Realistically characterizing the difficulty of tracheal intubation is an important responsibility of care-givers. The Intubation Difficulty Scale (IDS), introduced in this issue of Anesthesiology by Adnet et al. [1], is a numerical score of total intubation difficulty and is based on seven parameters known to be associated with difficult intubation. [1] The scoring of each individual parameter represents a divergence from an “ideal” condition (i.e., the parameter has no difficulty), and the total score represents the sum divergence from a zero difficult “ideal” intubation. The seven parameters are number of supplementary attempts, number of supplementary operators, number and type (in chronologic order) of alternative techniques used, laryngoscopic grade, subjective lifting force, the use of external laryngeal manipulation, and mobility or position of the vocal cords.

The IDS is a quantitative measure of the total intubation difficulty encountered during a chosen procedure or sequence of procedures and is calculated after the fact. Therefore, the IDS for a given patient depends on the appropriateness of the choice of procedure or sequence of procedures, and it is not a means of predicting difficulty for an individual intubation. It is anticipated that there will be two very good and broad uses of the IDS.

First, the IDS communicates the total intubation difficulty for a given patient to the next care-giver, and the score alone may greatly influence the choice of future care. However, the IDS alone does not shed any light on the cause of an increased IDS. For this reason, it will be very important to communicate the scores of the individual elements of the IDS in every case so that subsequent care-givers can identify the problem element(s) and the final solution to the problem element(s). For example, if three direct rigid laryngoscopy attempts by two operators were followed by a final successful flexible fiberoptic endoscopy-aided technique (see definition of “N3” in [1]), then this information could and should direct future clinical care.

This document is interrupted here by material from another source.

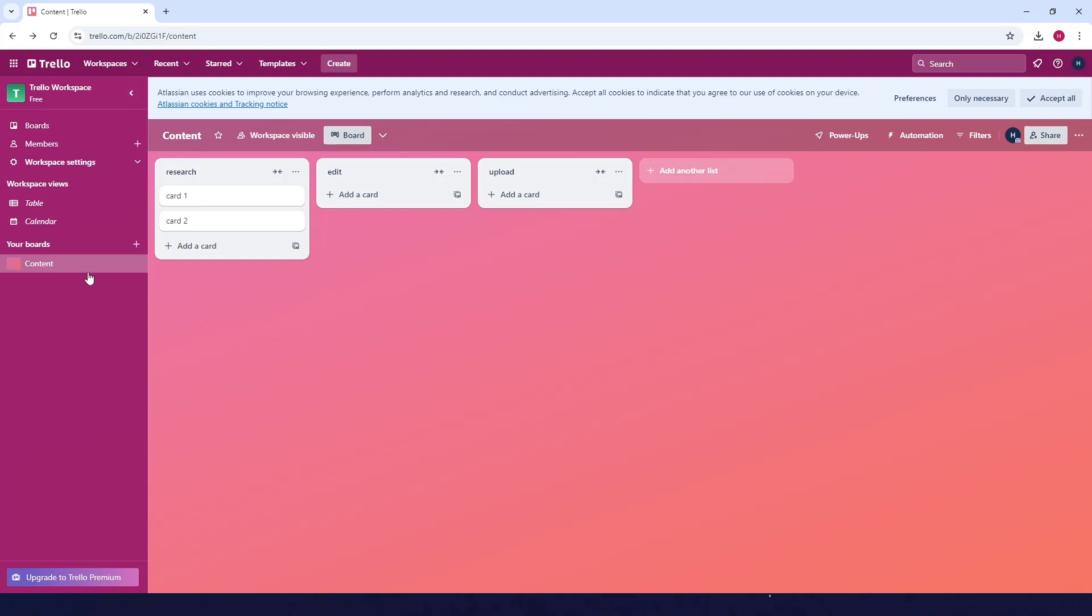Next, look for one of your boards and click on it. For example, this is mine. I'll click on it.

Second, for populations of patients who are the same in every respect, save one variable, the IDS may then reflect the importance of the variable. For example, in identical patients, the variable could be intubation technique A versus intubation technique B. In identical patients who are treated identically, the IDS could test and reflect the predictive power of a single preoperative test such as high or low oropharyngeal classification or long or short mandibular space. For a final example of using homogenous groups, a consistently different IDS for different practitioners (i.e., anesthesia residents) may be a measure of skill or judgment. It is possible that the IDS could be revealing of important information in nonhomogeneous populations of patients if the number of patients was sufficiently large to permit multivariate analysis of factors.

In summary, the new IDS appears be the best indicator of total intubation difficulty available to date. As such, it is anticipated that best uses will be to influence patient care and as a research tool to discern significant differences in clinical variables and care. It is very probable that the innovative IDS will inspire further research that is concerned with developing the best IDS and the best use of the IDS.

Jonathan L. Benumof, M.D.

Professor of Anesthesia; Department of Anesthesia; University of California, San Diego; UCSD Medical Center; 402 Dickinson Street (8812); San Diego, California 92103–8812;

Adnet F, Borron SW, Racine SX, Clemessy J, Fournier, Plaisance P, Lapandry C: The Intubation Difficulty Scale (IDS): Proposal and evaluation of a new score characterizing the complexity of endotracheal intubation. Anesthesiology 1997; 87:1290-7.